Oui, regardons notre culture, notre histoire. Cela nous aidera à comprendre pourquoi nous en sommes là, et peut-être comment nous en sortir. Ce qu’aucun mea culpa n’a jamais permis.

Éliane Viennot, Université Jean Monnet & Institut universitaire de France. Vice-présidente de l’Institut Emilie du Châtelet.

(1) La France, les femmes et le pouvoir, Paris, Perrin. 1. L’invention de la loi salique (5e-16e siècle), 2006 ; 2. Les résistances de la société (17e-18e siècle), 2008 ; 3e vol. en cours.

(2) « Féminisme à la française : la parole est à la défense », Libération « Rebonds », 17 juin 2011 ; l’article faisait suite à un article de Joan Scott titré « Féminisme à la française », Libération « Rebonds », 9 juin 2011.

(3) Après sa thèse sur les ouvriers verriers de Carmaux (1974), Joan Scott a donné plusieurs ouvrage sur l’histoire des femmes, dont La Citoyenne paradoxale : les féministes françaises et les droits de l’homme, 1998 ; Parité ! L’universel et la différence des sexes, 2005.

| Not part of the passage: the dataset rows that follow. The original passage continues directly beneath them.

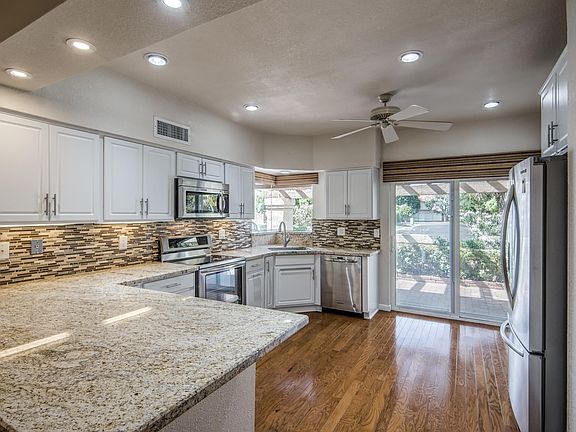 4th image of 2322 S Rogers Cir Unit 30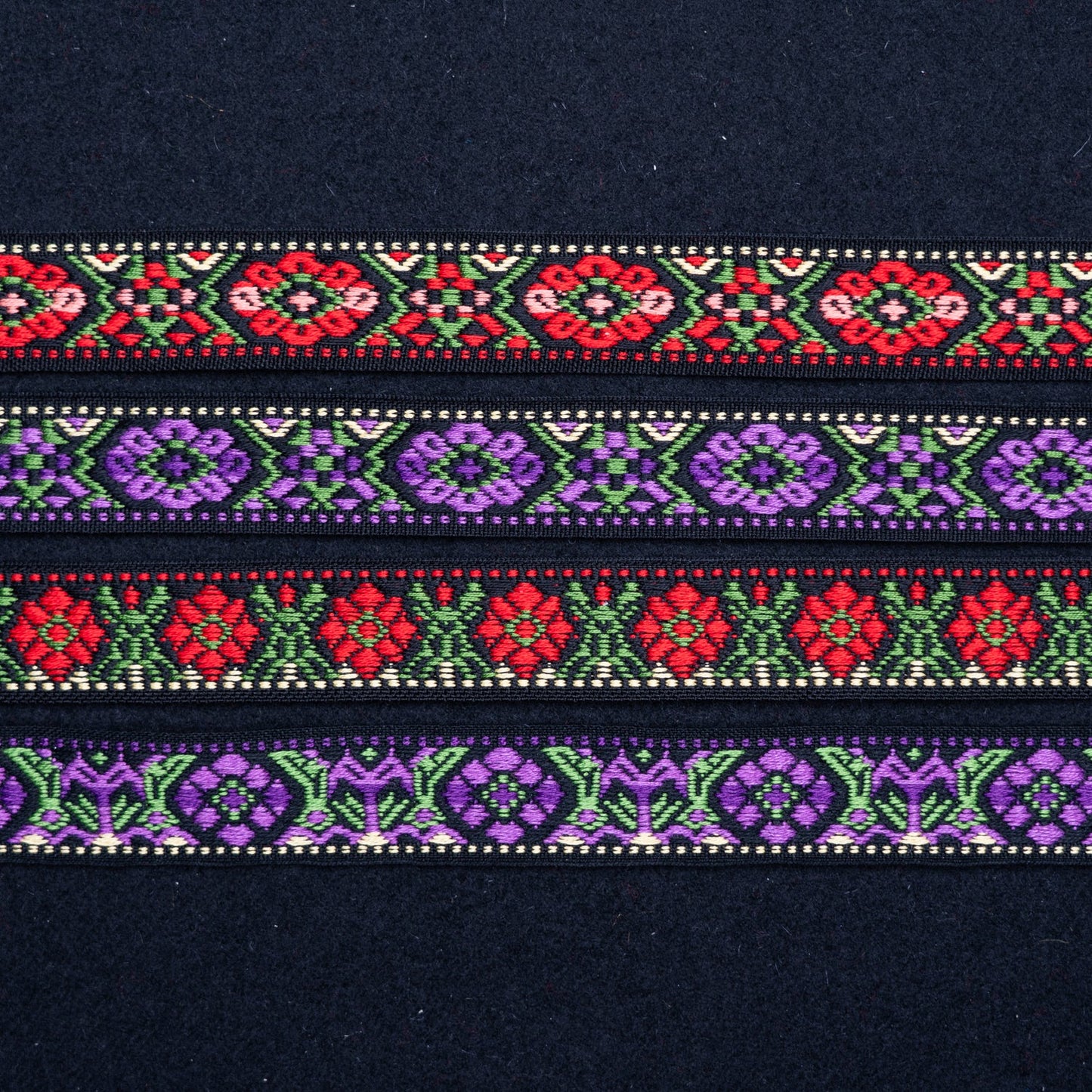 Hardanger #117-21mm-red/green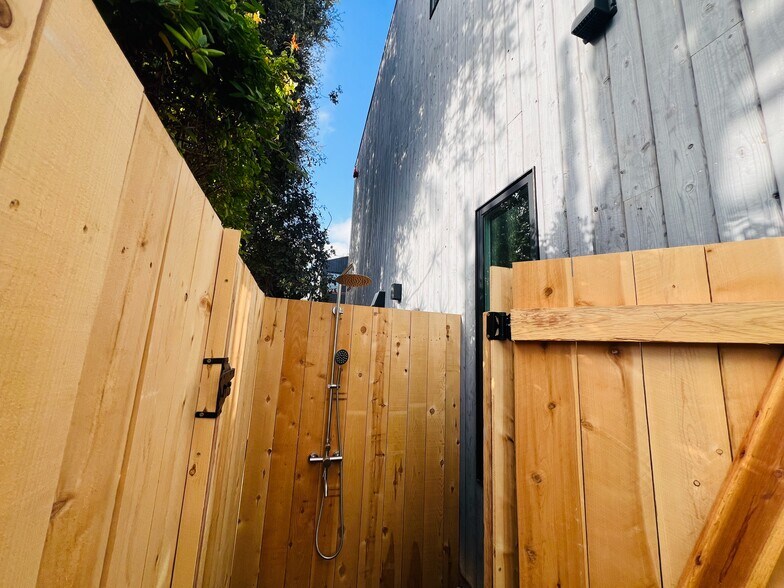 Building Photo - 112 Grandview St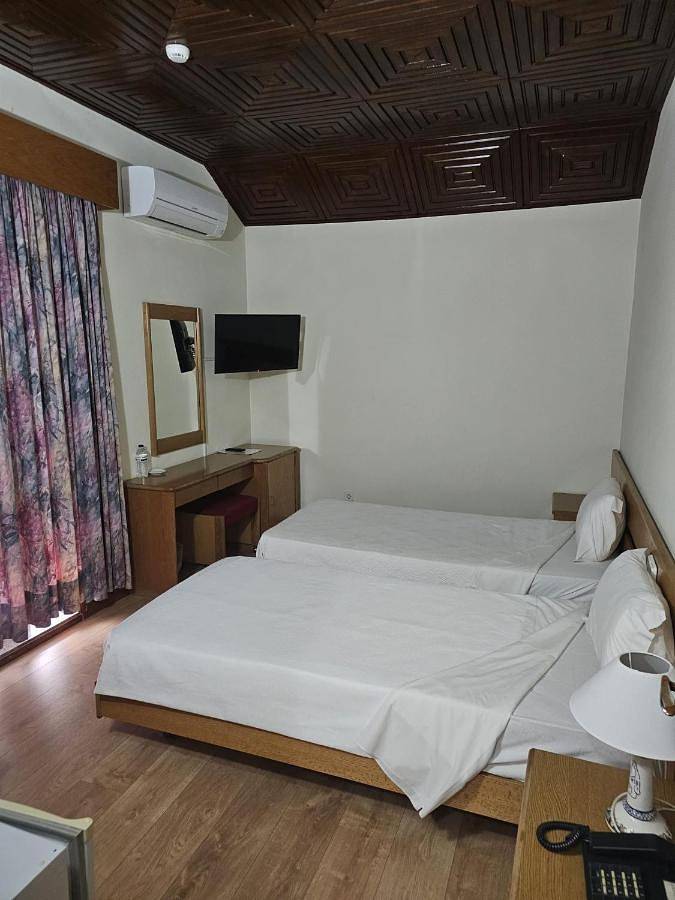 Hôtel pour 2 personnes, avec piscine et vue à Mangualde - 4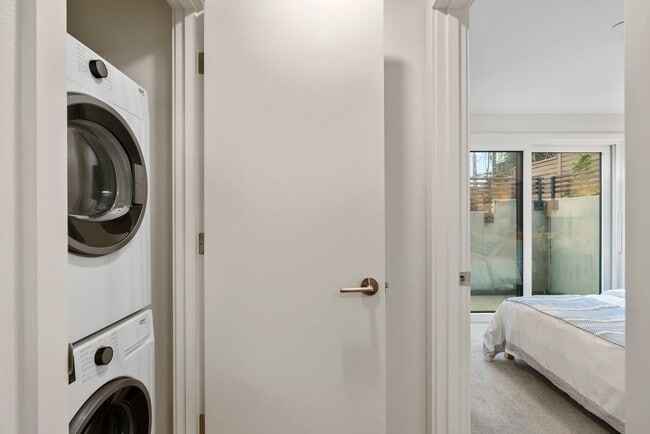 Building Photo - Beautiful Eastlake Condo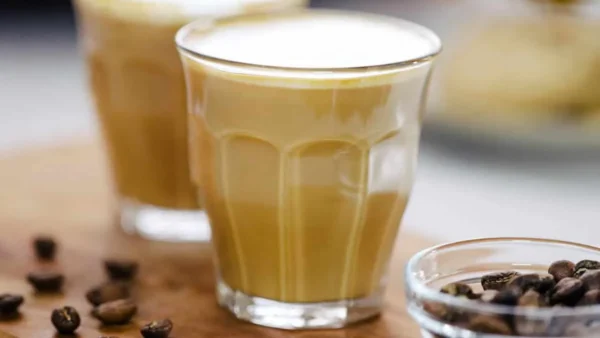 how to make a cortado 8 e1734780524180 طرز تهیه کورتادو بدون دردسر و در کمترین زمان + عکس گام به گام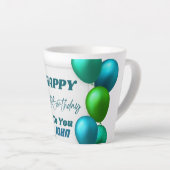 ブルー&グリーンの風船 4歳の誕生日 名前入れ カフェラテマグ (右アングル)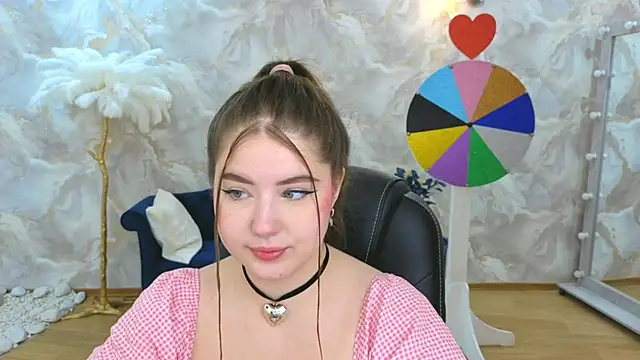 Snapshot of NicoleFoxery chatting on October 5, 2025, 3:19 am NicoleFoxery online show from October 5, 2025, 3:19 am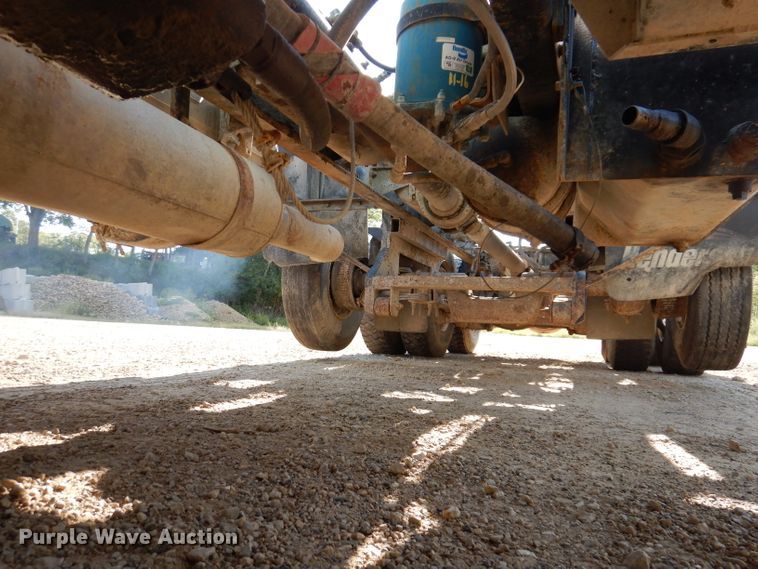 image for item IN9974 1992 Western Star 4864F  truck cab and chassis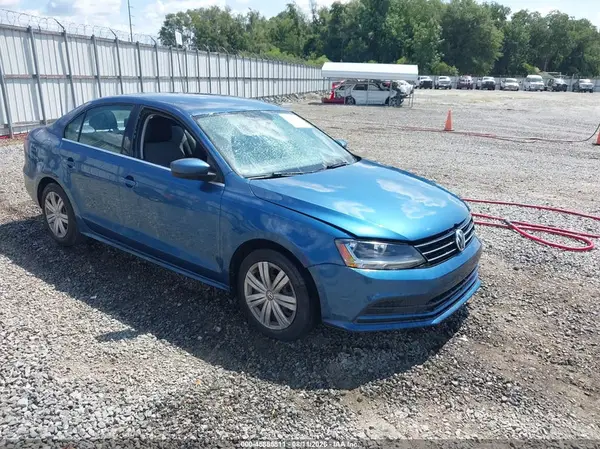 3VW2B7AJ5HM411337 2017 VOLKSWAGEN JETTA - Image 1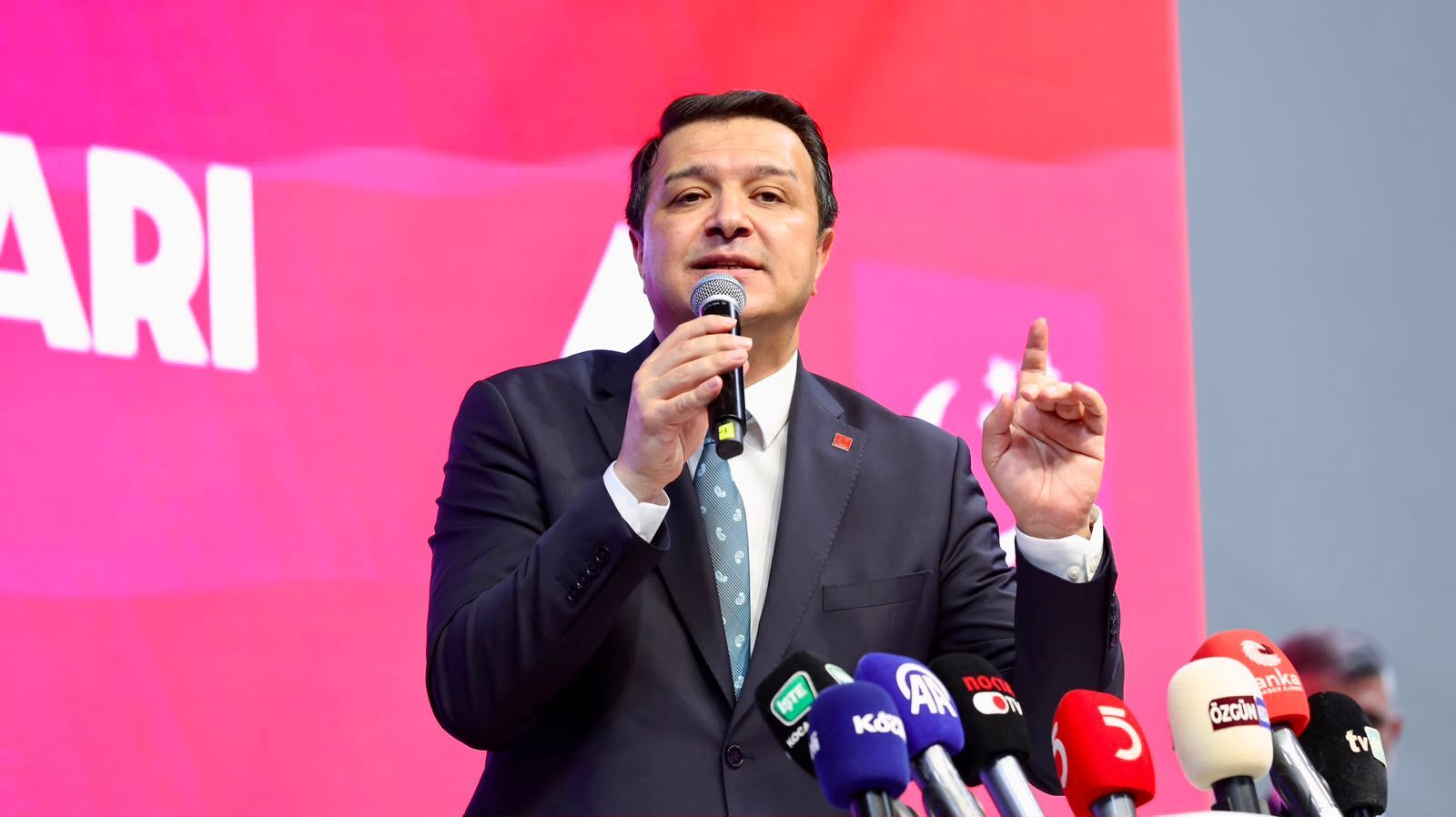 Arıkan'dan siyasi ahlak ve toplumsal mutabakat çağrısı: "Yeni bir siyasi ahlaka ihtiyacımız var!"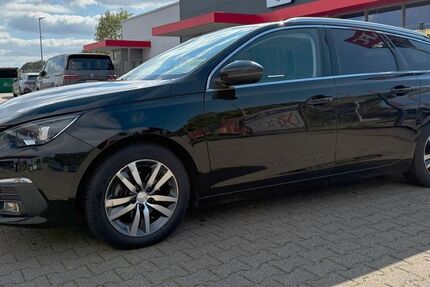 Peugeot 308 98.968 km 10.490 &euro; Solingen 42653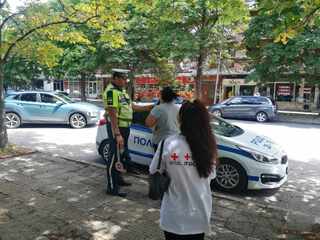 Пътна полиция, БЧК и РЗИ с акция за по-добра информираност на водачи и пешеходци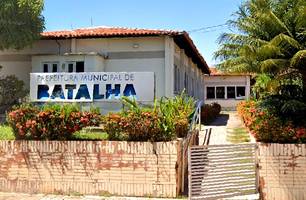 Prefeitura de Batalha (Foto: Reprodução) Prefeitura de Batalha (Foto: Reprodução)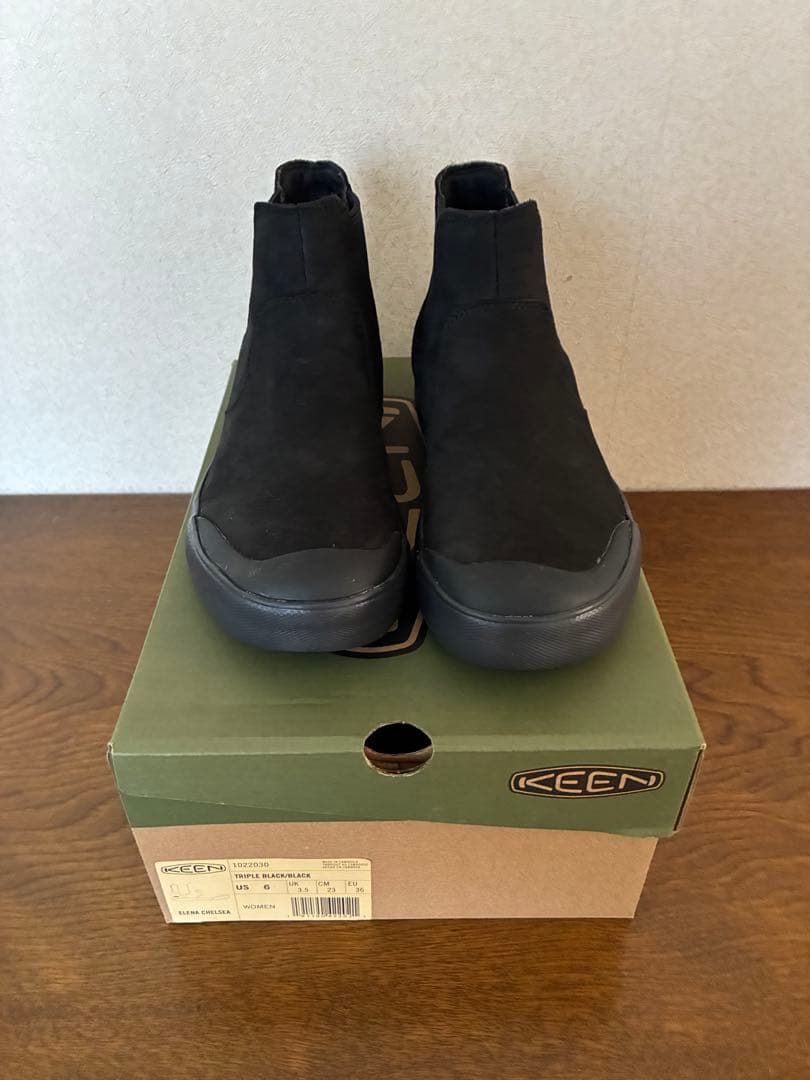 新品未使用　KEEN ブラック チェルシーブーツ　23センチ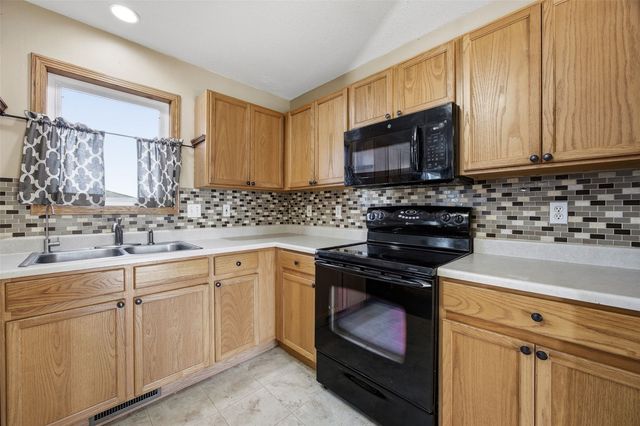 4070 Pinehurst Drive, Marion, IA 52302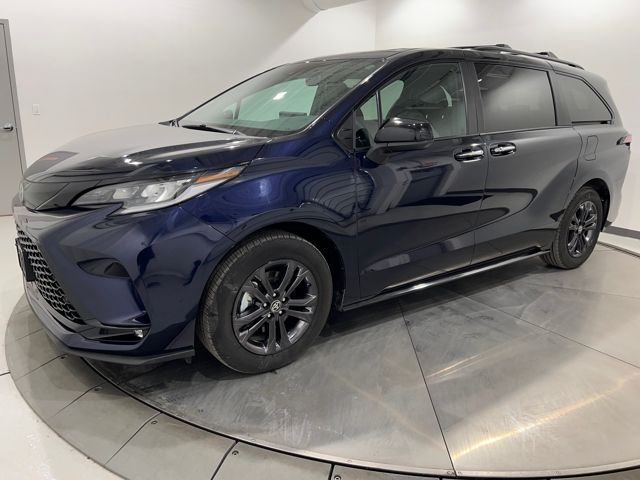 2025 Toyota Sienna XSE's photo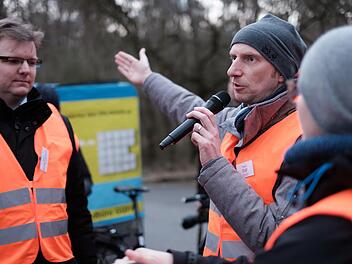 Florian Gräf, Technischer Leiter des Zweckverbands Stub, erläuterte die Unterschiede der Streckenführungen.  Foto: Phillip Baumgärtner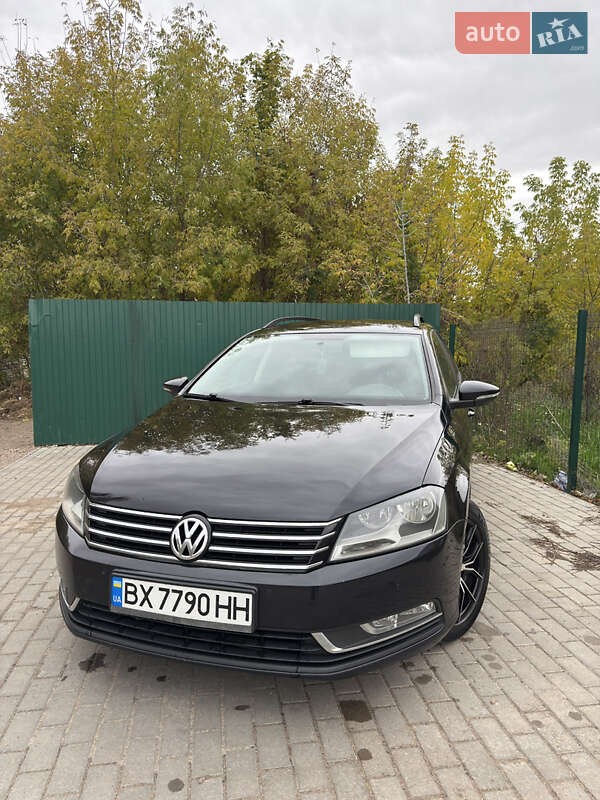 Універсал Volkswagen Passat 2013 в Радомишлі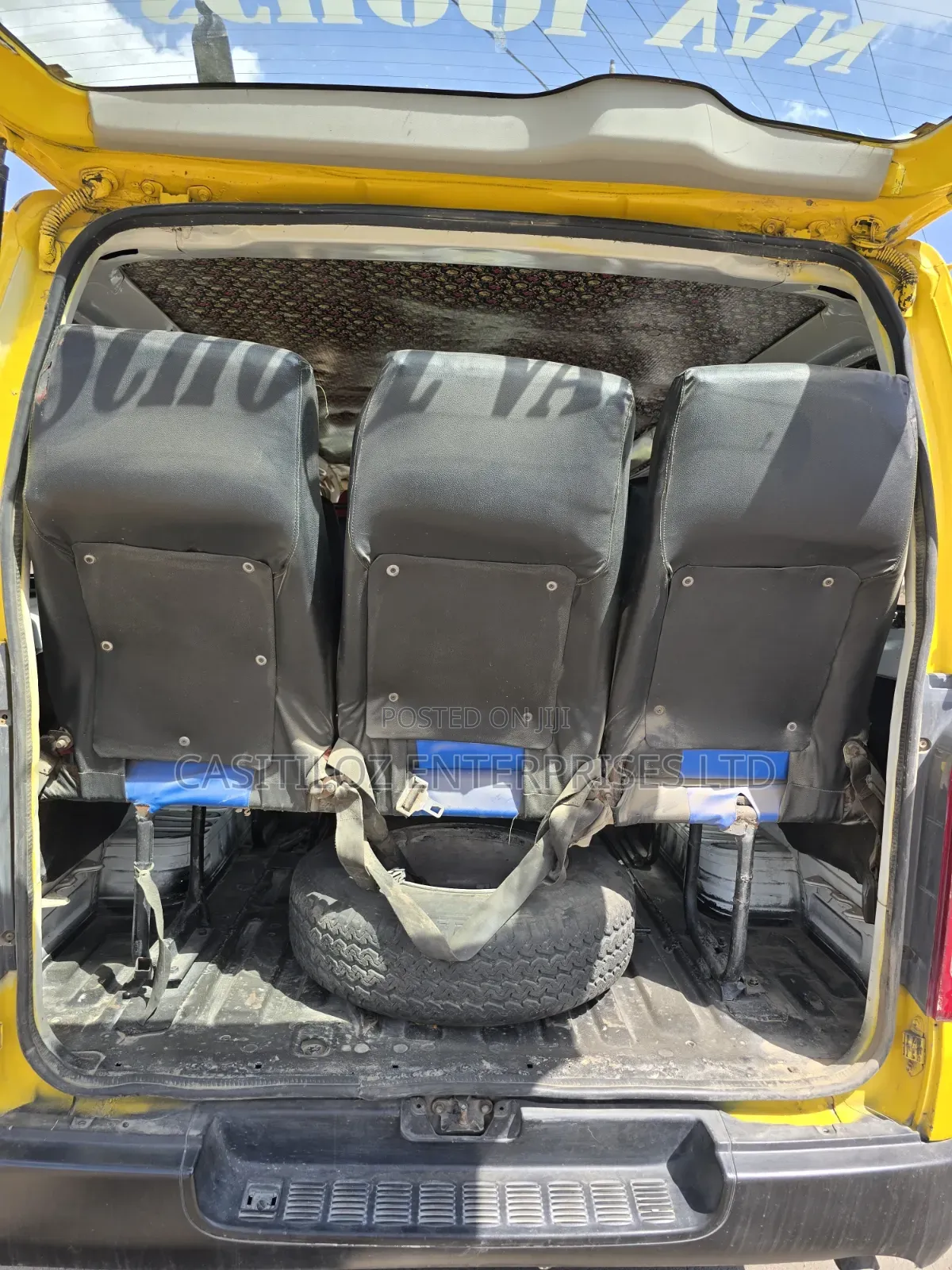 Toyota HiAce 2012 Yellow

(4) Son évocation, dans l’article du 9 juin, de la « méfiance à peine voilée [d’Irène Théry] concernant les motifs d’une femme immigrée, de couleur, issue de la classe ouvrière » est sans fondements textuels dans le texte incriminé (Irène Théry, « la femme de chambre et le financier », LeMonde.fr. du 23 mai).

(5) Joan Scott « Le genre : une catégorie utile d’analyse historique », in Le Genre de l’histoire, Cahiers du GRIF (Paris), printemps 1988 ; les féministes françaises utilisaient auparavant le concept « sexe social », qui recouvre la même idée – mais qui n’a pas eu la même fortune.

(6) Voir www.siefar.org, rubrique « la guerre des mots ».